Despite reminding me for the three years or so that she's lived in Paris that I owe her a visit, Sue trumped my invitation to cocktails and dinner ce soir with the arrival of visitors from Australia. Meki maintains (or is maintained, possibly, I think he's a bit of a courtesan) a home in Italy and had to fly there this morning to take care of some urgent business with his bank, which left me with the prospect of three days with the type and it occurred to me when chatting him on MSN last night that he bore an alarming resemblance to John Profumo as portrayed by Ian McKellen in "Scandal" which made it a bit of a double no-no for me. Not to mention I don't have big enough chairs to pose as Christine Keeler. So I bottled out.

I think my reluctance has something to do with not liking Paris as a city very much, my new-found morality, the pluviose weather forecast, and the influence of a couple of slightly nicer chaps I've met in the UK recently.

Confession

I wonder if blogs are like new diaries, or New Year resolutions - to be buffed and polished and pored over for the first days of the year, and then left to gather dust.

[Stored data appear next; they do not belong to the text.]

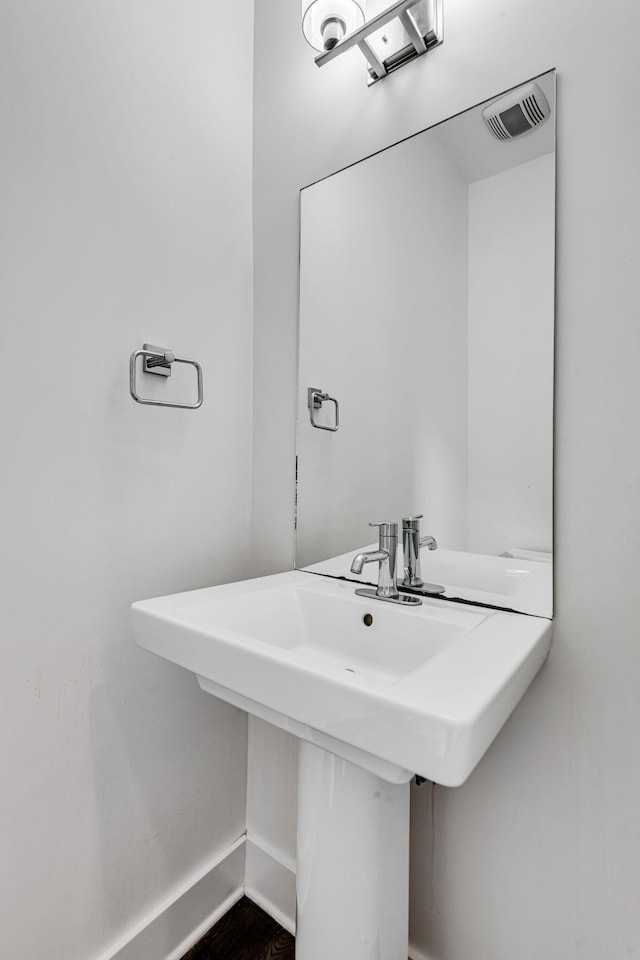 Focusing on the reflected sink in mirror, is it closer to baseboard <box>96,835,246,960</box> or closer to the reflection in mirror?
the reflection in mirror

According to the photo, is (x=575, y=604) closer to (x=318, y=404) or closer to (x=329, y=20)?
(x=318, y=404)

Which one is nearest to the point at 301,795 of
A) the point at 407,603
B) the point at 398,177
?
the point at 407,603

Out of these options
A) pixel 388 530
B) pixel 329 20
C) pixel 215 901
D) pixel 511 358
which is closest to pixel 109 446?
pixel 388 530

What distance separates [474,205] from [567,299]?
31 centimetres

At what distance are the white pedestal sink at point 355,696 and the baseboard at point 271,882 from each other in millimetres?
400

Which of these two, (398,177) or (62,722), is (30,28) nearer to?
(398,177)

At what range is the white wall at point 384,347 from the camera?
105cm

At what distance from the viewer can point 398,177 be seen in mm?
1109

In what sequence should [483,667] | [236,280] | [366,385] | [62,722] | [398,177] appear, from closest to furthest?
[483,667] < [62,722] < [398,177] < [366,385] < [236,280]

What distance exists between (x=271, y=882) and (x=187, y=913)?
223mm

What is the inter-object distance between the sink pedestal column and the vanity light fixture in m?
1.43

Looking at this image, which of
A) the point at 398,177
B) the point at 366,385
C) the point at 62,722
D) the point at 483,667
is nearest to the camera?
the point at 483,667

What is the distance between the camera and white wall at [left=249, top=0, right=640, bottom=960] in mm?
806

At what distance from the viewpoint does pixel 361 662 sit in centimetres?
98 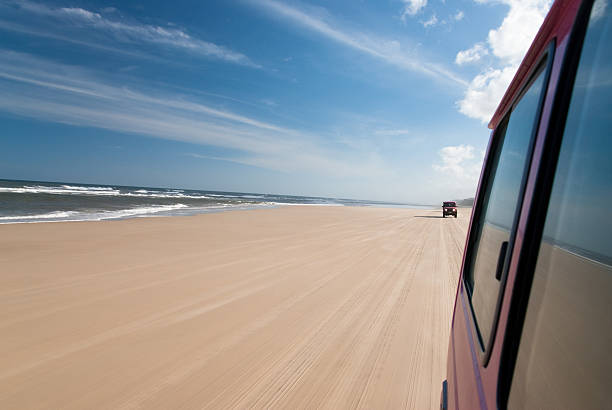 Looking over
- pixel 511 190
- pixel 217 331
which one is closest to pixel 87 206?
pixel 217 331

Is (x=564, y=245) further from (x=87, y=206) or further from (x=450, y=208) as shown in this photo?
(x=450, y=208)

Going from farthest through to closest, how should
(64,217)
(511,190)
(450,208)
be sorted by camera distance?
(450,208), (64,217), (511,190)

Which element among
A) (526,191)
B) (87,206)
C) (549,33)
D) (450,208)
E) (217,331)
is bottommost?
(87,206)

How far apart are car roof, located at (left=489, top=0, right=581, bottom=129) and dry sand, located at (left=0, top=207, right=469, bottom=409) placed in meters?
2.36

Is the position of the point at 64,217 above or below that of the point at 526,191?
below

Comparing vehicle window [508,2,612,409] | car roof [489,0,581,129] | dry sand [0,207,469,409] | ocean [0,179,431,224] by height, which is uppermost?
car roof [489,0,581,129]

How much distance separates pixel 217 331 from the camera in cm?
350

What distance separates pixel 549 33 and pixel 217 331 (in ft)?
12.0

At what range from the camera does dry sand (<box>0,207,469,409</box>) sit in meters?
2.47

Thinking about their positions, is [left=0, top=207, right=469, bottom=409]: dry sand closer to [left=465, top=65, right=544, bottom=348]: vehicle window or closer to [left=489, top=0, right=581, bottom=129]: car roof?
[left=465, top=65, right=544, bottom=348]: vehicle window

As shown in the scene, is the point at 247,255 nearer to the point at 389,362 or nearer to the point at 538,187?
the point at 389,362

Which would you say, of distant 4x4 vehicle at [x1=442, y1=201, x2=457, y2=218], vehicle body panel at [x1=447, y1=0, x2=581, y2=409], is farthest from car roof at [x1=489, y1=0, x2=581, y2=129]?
distant 4x4 vehicle at [x1=442, y1=201, x2=457, y2=218]

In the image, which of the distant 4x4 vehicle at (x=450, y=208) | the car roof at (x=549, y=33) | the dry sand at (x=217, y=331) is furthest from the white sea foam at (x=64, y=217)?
the distant 4x4 vehicle at (x=450, y=208)

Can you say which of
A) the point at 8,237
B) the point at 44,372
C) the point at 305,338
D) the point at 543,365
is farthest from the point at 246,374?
the point at 8,237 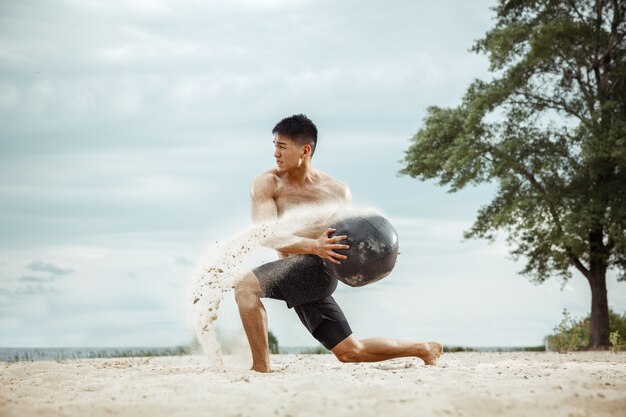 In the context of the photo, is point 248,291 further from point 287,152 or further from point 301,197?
point 287,152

The major question I'm expecting from Gentle Reader (oh and I so wonder what you're like) is Why? and Why Now?

Why Now? is comparatively easy because it's answered by time on my hands ... as it's now been about a calendar year since I escaped from full-time employment, I should really be "getting round" to things like sorting out my spare bedroom and, eventually, my life. One thing at a time. The spare bedroom's now comparatively tidy but the content of the twenty or so boxes bags and bin-liners I shoved in its cupboards are probably metaphors for my mental baggage.

Two new year's resolutions already achieved - 1. I have successfully sold stuff on eBay and 2. For the first time in a fairly busy adult life, I've been to the clinic. Yes, that clinic. And everything was fine thank you for asking, although it was a bit like "Bless me Father for I have sinned. It has been 33 years since my last confession."

And ironically enough the nurse did have to continue her notes on the back side of the paper.